CE: Yeah. Well, I'm not surprised, Justin, to hear you say that you've not done one. It's come into vogue here again in the last four years. Started originally in 2004, 2005, and Monty was instrumental in getting this product to market. But we're excited to talk to you about it, explain it to you and your listeners, and help them in their future transactions when and where it's appropriate.
JO: Why don't we just kind of start at the basic 101 level? Somebody kind of tell me what it is and how my clients can benefit from it.
CE: Yeah. I'm happy to do that. And I'm going to forewarn you that I'm going to start in what is going to seem like left field. But if you bear with me for 30 seconds, it will all come full circle and make a lot more sense. So, you mentioned in my bio that I'm the vice president of JCR Settlements. We are a national settlement planning firm. And for most people, they would be familiar with us in a personal injury capacity. You may have heard of structured settlements. You've probably seen really cheesy commercials late at night for a company called JG Wentworth, where they buy structured settlements from folks. That's what we've done, and we do mostly on a day-in, day-out basis, is help folks who've been catastrophically injured. We help them settle their litigation and then invest portions of their settlement into structured settlement annuity products, where they can design payments over their lifetime, so that they know that all of their needs have been met. If they've been hit by a semi-truck, made a paraplegic, their life's been turned upside down, we need to make sure that all of their needs are met.
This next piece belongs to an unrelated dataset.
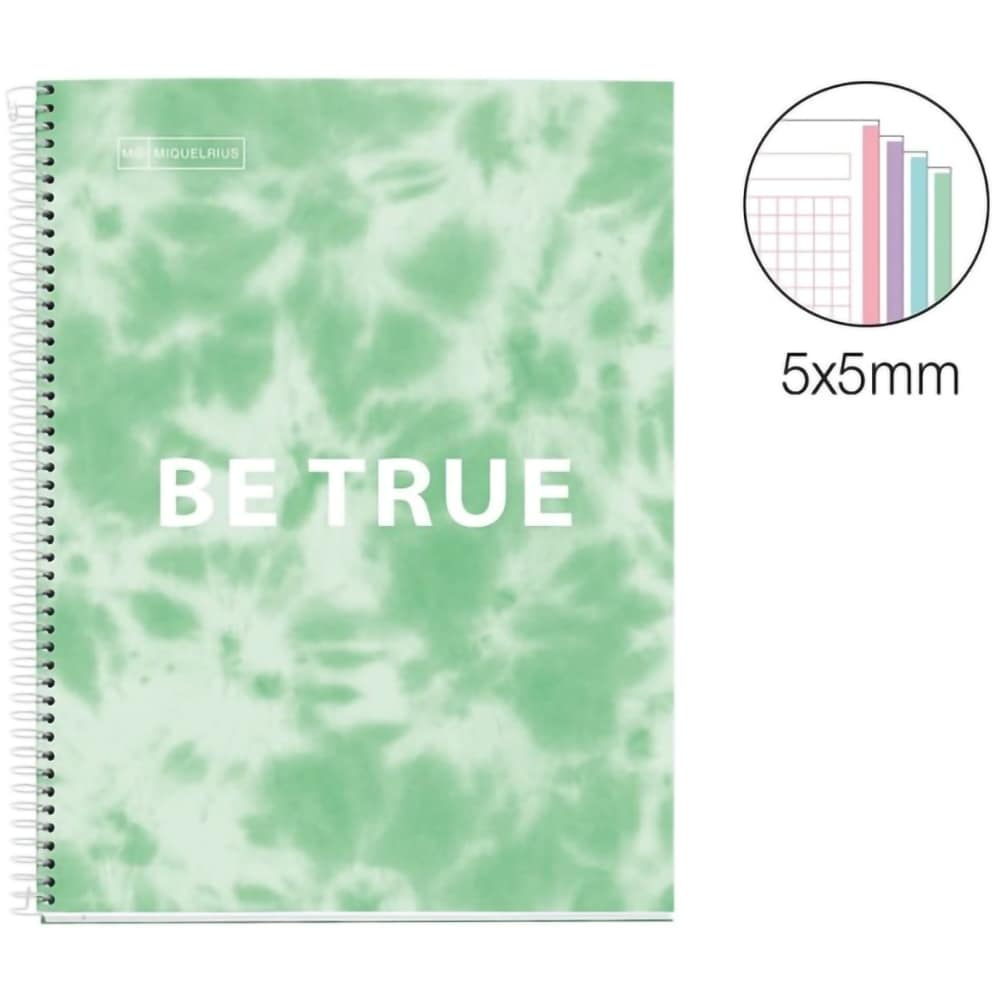Caiet pentru scoala MIQUELRIUS TIE DYE, Matematica, A4, 120 file, legatura spirala, menta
We do that by placing their settlement proceeds into structured annuity products with leading life insurance companies. Those same life insurance companies have now jumped into the land and business sales game, using Section 453 of the Revenue Code, which deals with installment sales. You're undoubtedly familiar with a traditional installment sale, right? I agree to buy your property for $10 million. I'm going to give you $5 million at closing and then five annual payments of $1 million, right? That's the traditional tried and true installment sale. You as the seller are hoping and praying that I make good on those future five payments and you actually at the end of that five-year term have recuperated the entire agreed upon sales price. You're completely dependent on my creditworthiness and my ability to stay out of debt and stay out of bankruptcy to make those payments.
A structured installment sale transfers all that future payment obligation and risk to a leading life insurance company. So, what we have now is the ability for a seller to take any portion of his or her sale, place it into a structured annuity with a leading life insurance company. They can design the future payments in literally any manner that they would like that's unique to their needs and they don't pay a tax obligation on the portion that's placed into the structure until the future year or years, when those annuity payments are received.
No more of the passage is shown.